However, the memory allocated will get freed up or re-used by the next
request -

If it is a real leak, then no, it will not.

I think the memory is just fragmented enough to be
automatically reclaimed by the memory allocator (I've heard that some
mallocs can return memory to the OS in 1 MB chunks.)

See William's answer : unlikely.


Are there any special techniques people use to avoid this situation?
Does SizeLimit count actual memory used or does it just look at the
process size?


In a previous similar exercise, in despair I used the module Devel::Leak as follows :

use Devel::Leak;
my $DEBUGMem = 1;
my ($SVTable,$prevSVCount,$lastSVCount);

if ($DEBUGMem) {
  $prevSVCount = Devel::Leak::NoteSV($SVTable);
  warn "[$$] before something, total SVs : $prevSVCount";
}

do_something(); # .. which could be leaking

if ($DEBUGMem) {
  $lastSVCount = Devel::Leak::CheckSV($SVTable);
  warn "[$$] after something : total SVs : $lastSVCount";
  warn "[$$]   new SVs : ",($lastSVCount - $prevSVCount);
}

It doesn't require any specially-compiled perl.
It does not actually print the memory size used. It just provides a count of new "things" that have been allocated and not freed by do_something(). It is very rough, but it was very helpful to me to find out what exact piece of code was leaking "things", which is basically an alias for memory. The point is, if it keeps on growing around the same piece of code each time you process a request, then you at least know where bad things happen.

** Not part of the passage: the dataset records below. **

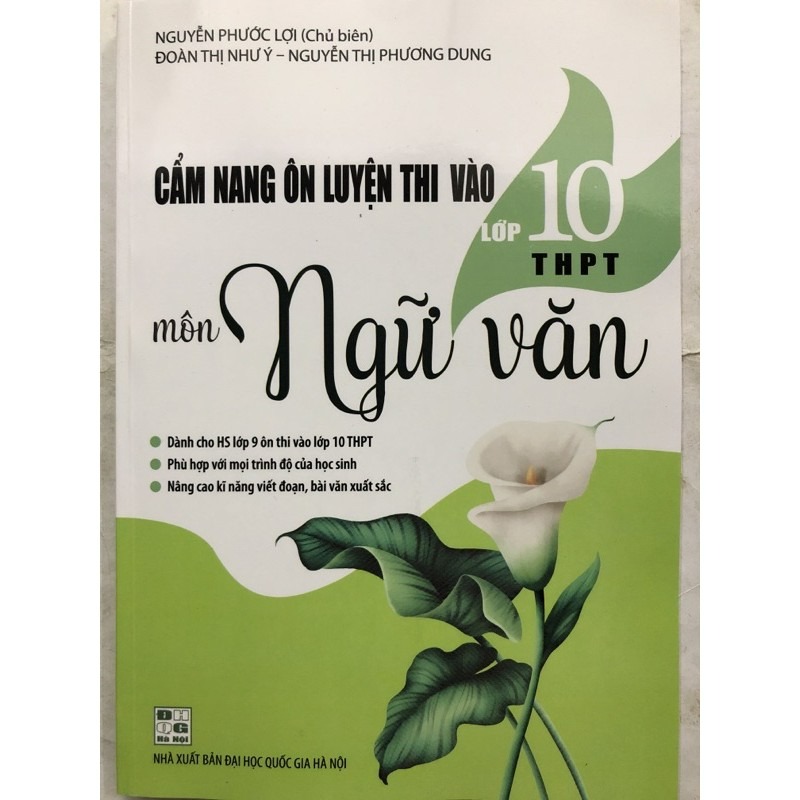 Cẩm nang ôn luyện thi vào 10 môn ngữ văn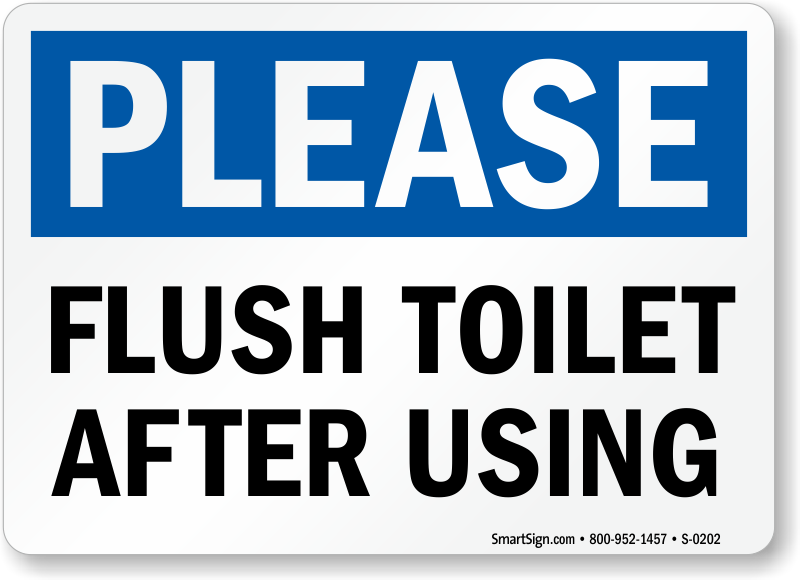 Free Printable Please Flush Toilet Sign Free Templates Printable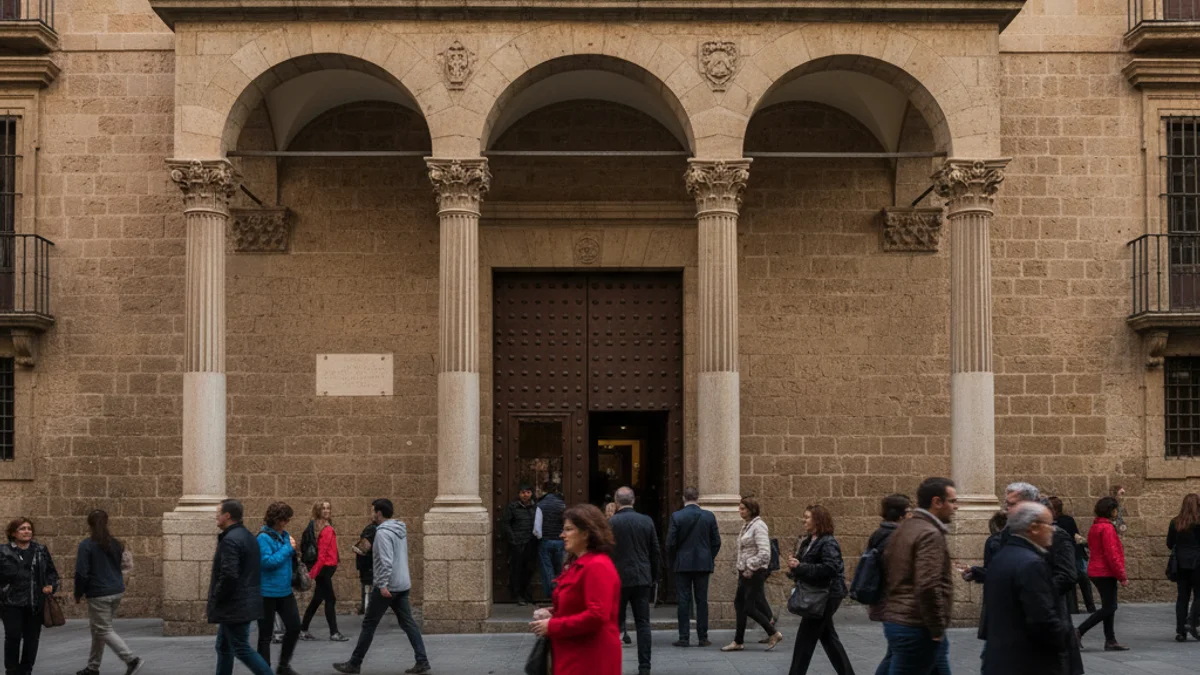 Imatge genèrica de la façana d'un edifici institucional a Lleida.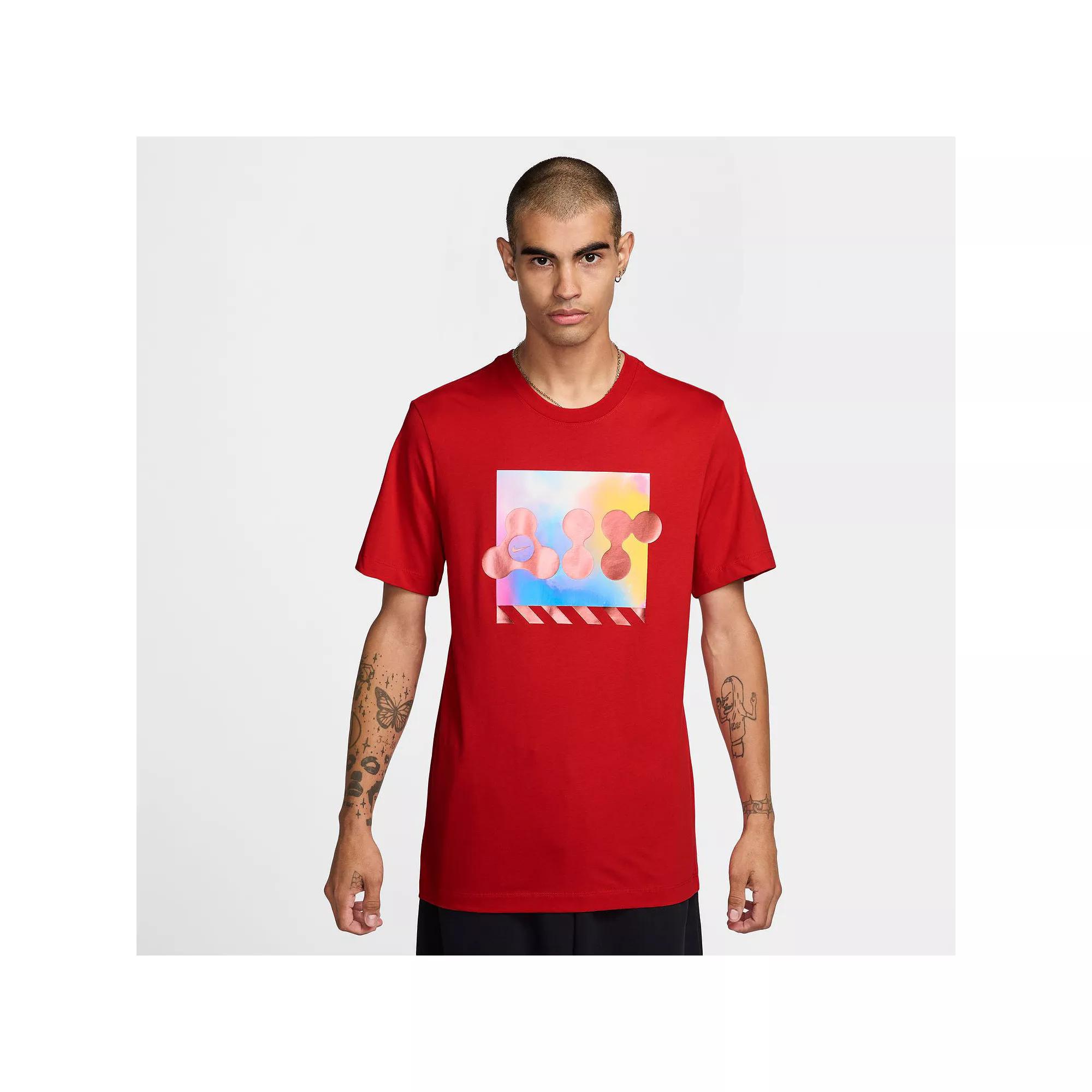 Men's Nike Bubble Air Red Sportswear Tee, Size: XXL, University Red Product Image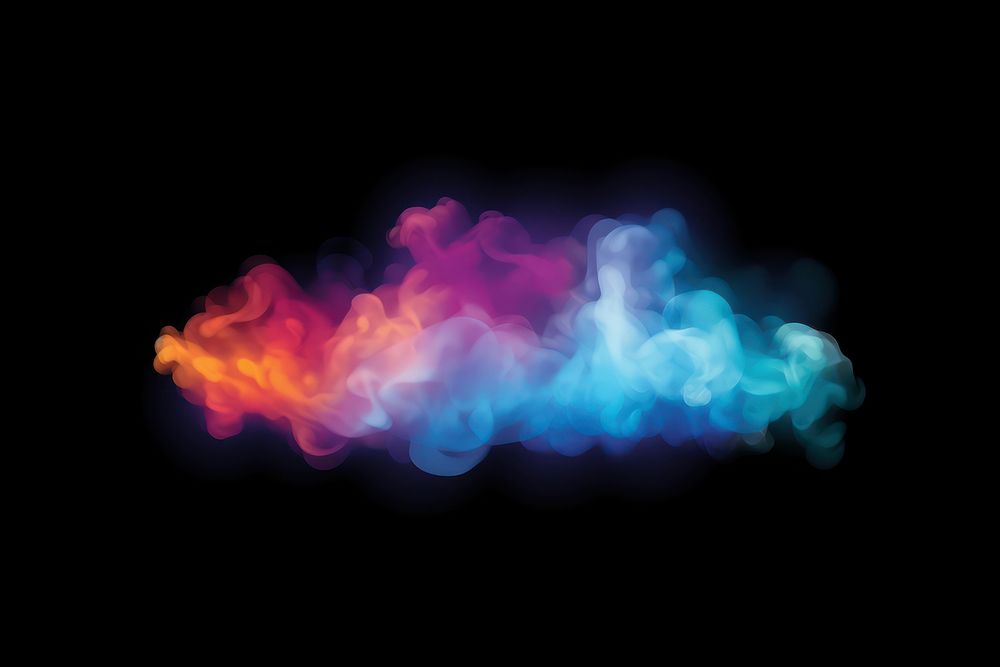  Colorful backgrounds smoke black background. AI generated Image by rawpixel.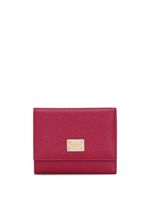 Dolce & Gabbana logo-plaque compact wallet - Rouge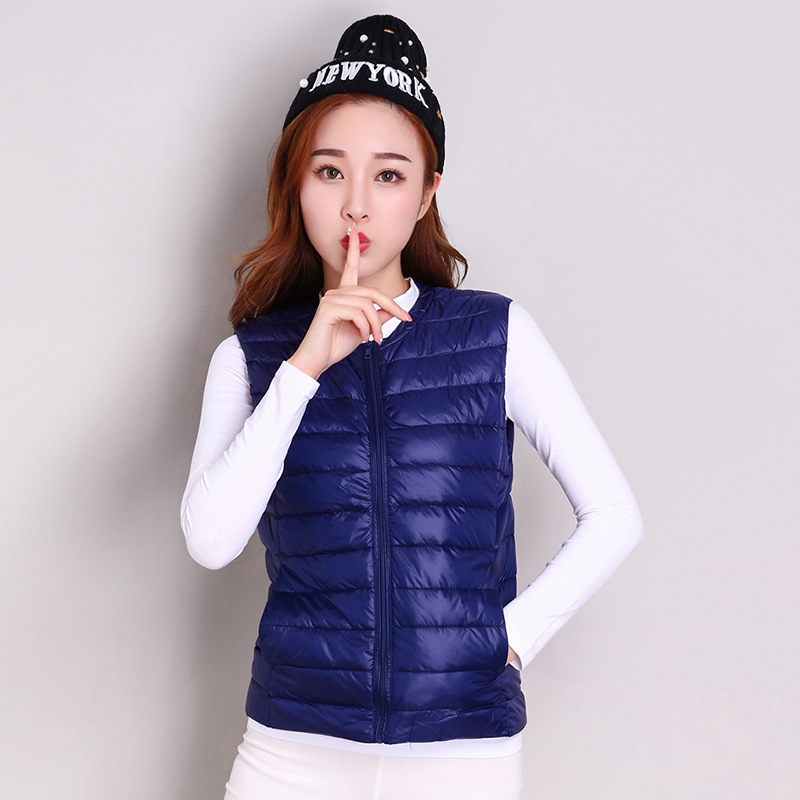 Gilet femme en Duvet de canard blanc - Ref 3316304 Image 1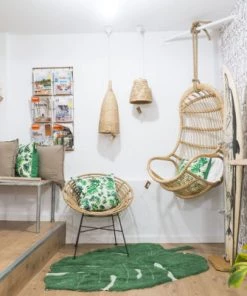 &klevering Cotton Monstera Cushion with Filling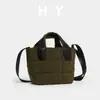 Bolsa Feminina Original Dongdaemun Coreia do Sul Simples Leve Nylon Penas Mão Ombro Transversal Versátil Bolsa de Mão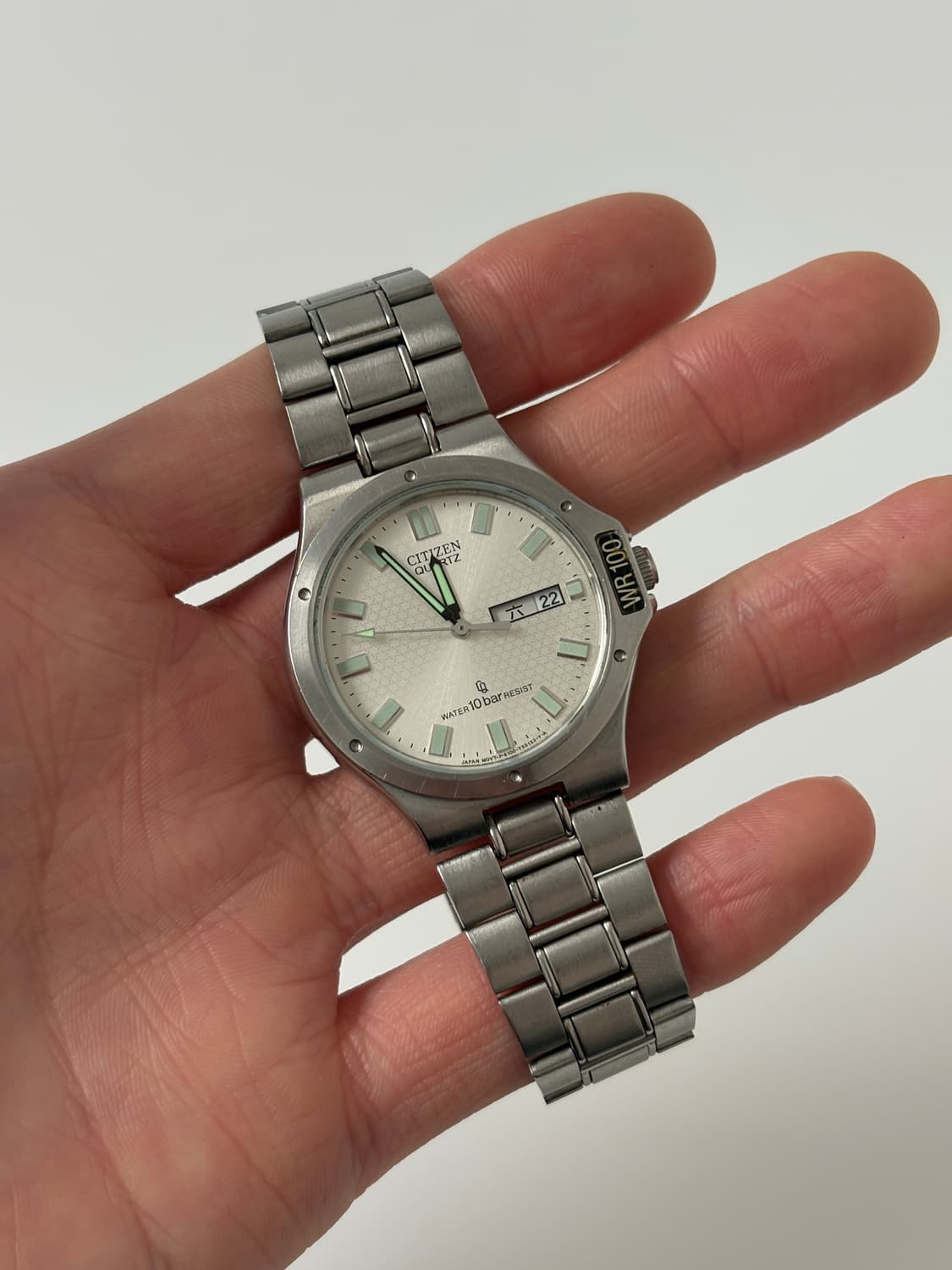 빈티지 시계 1990년대 실버 쿼츠 남성 상품이미지1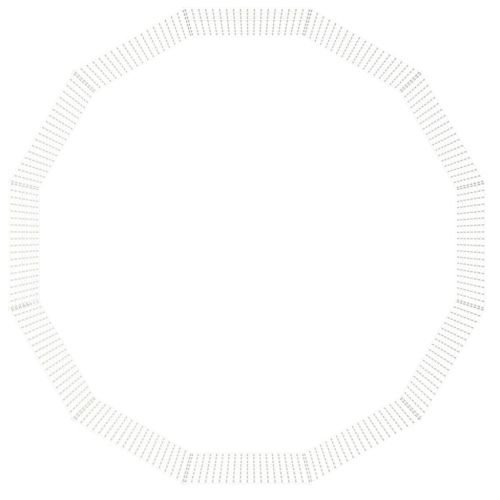 Ограждение за свободно отглеждане на животни 12-панела 54x80 см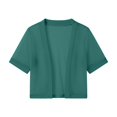 thumbnail image 2 of Sheer Cardigan for Women Short Sleeve Open Front Lightweight Mesh Bolero Shrug Cropped Cardigans Coverup Summer Tops, 2 of 5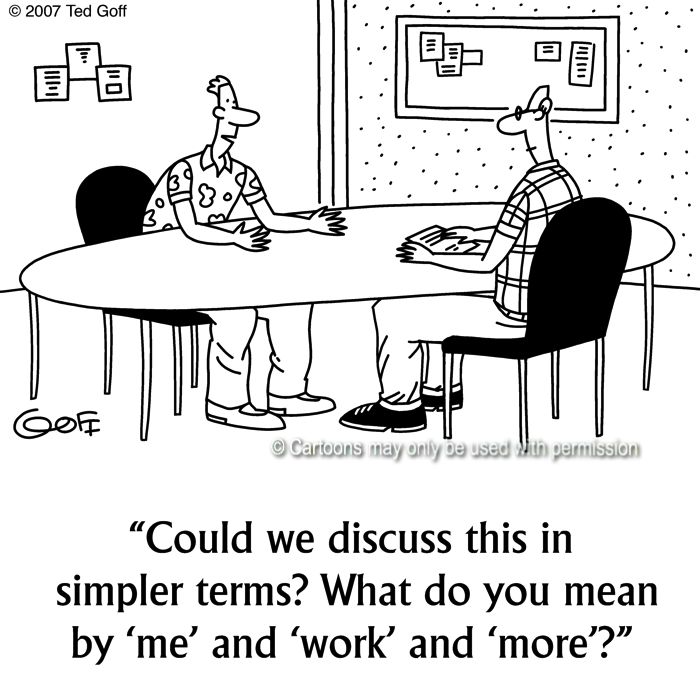 Cartoon about management
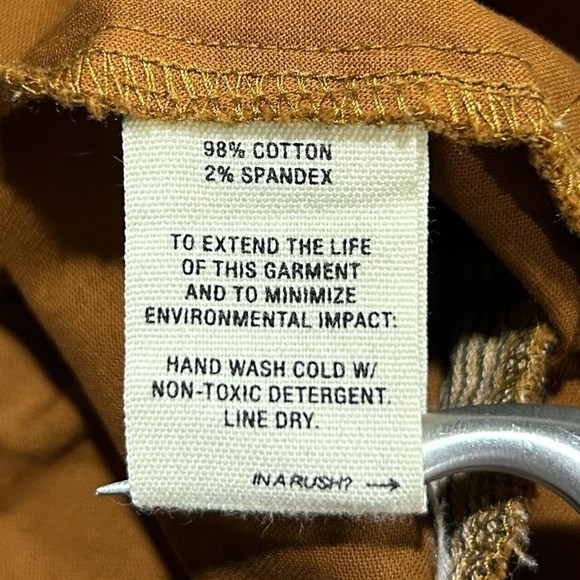 Alex Mill Expedition Cargo Washed Twill Ankle Belted Pants Russet Brown 4 - Picture 8 of 8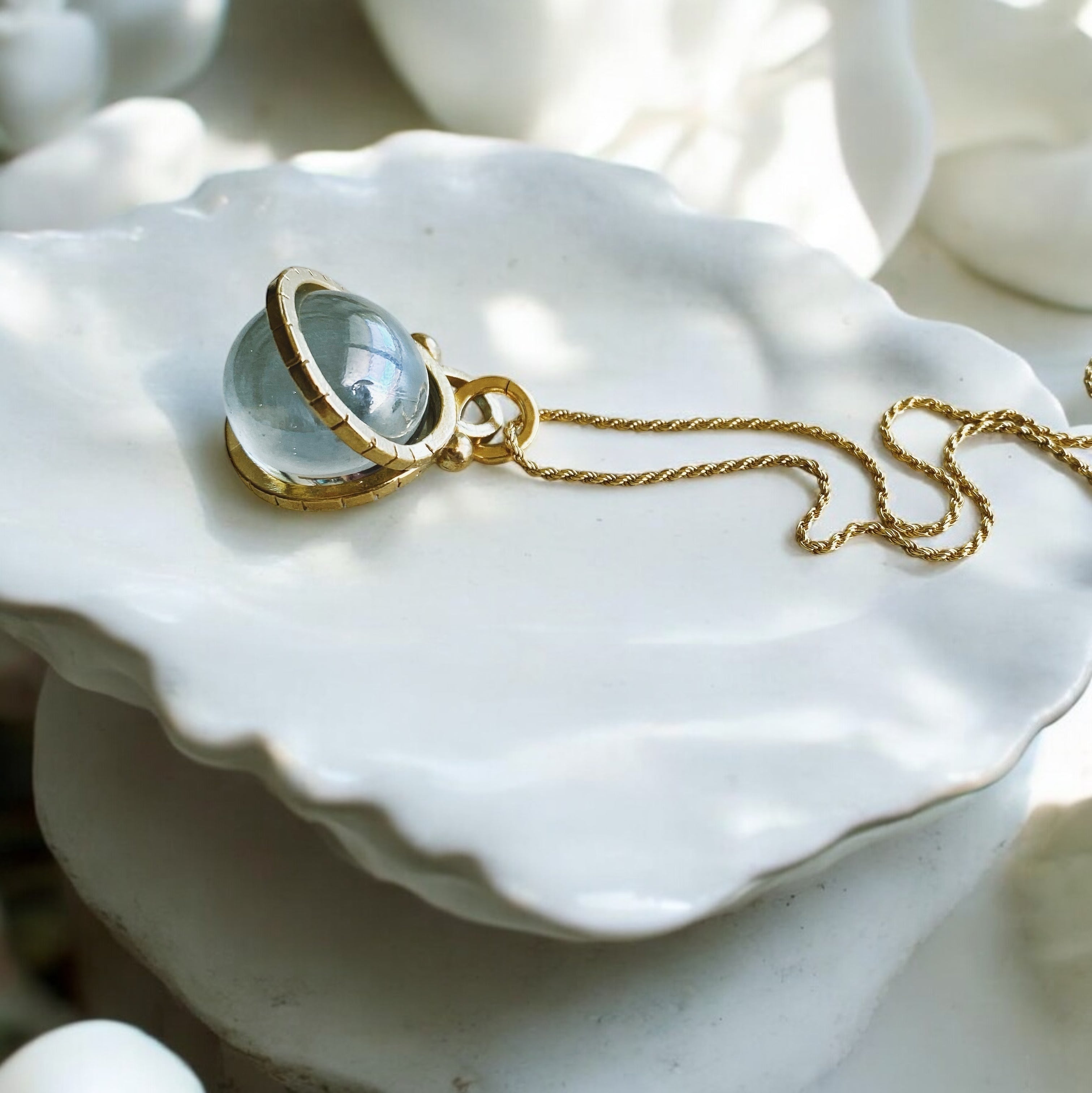 Collar Halo Aura Silver “xs” Gold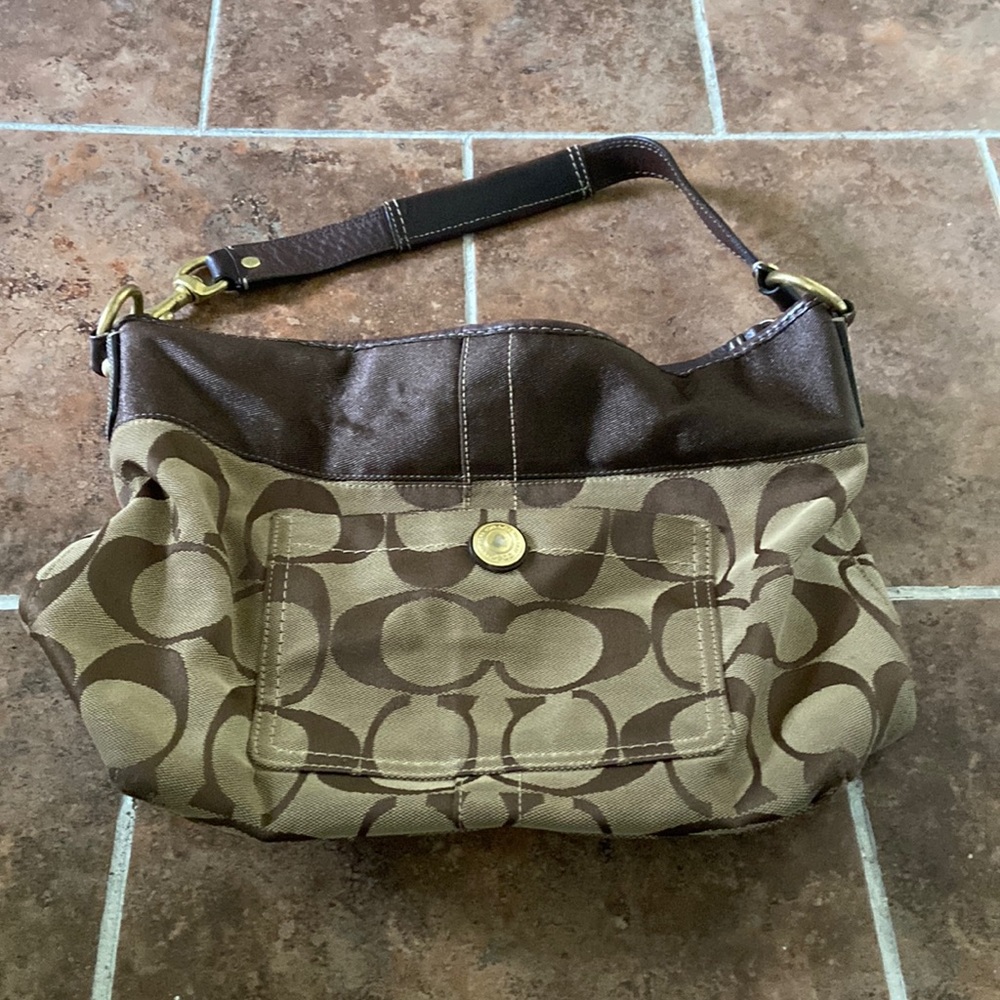 Brown coach purse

If it happens in your code, then when you know where, it should be possible to fix it. If it happens in someone else's module that you are using, there are usually several alternative modules for just about anything on CPAN. If there aren't and you cannot do without, /then/ maybe you should considering limiting the number of requests that each child handles before it gets killed. But that should not be the first choice, because it is the least efficient.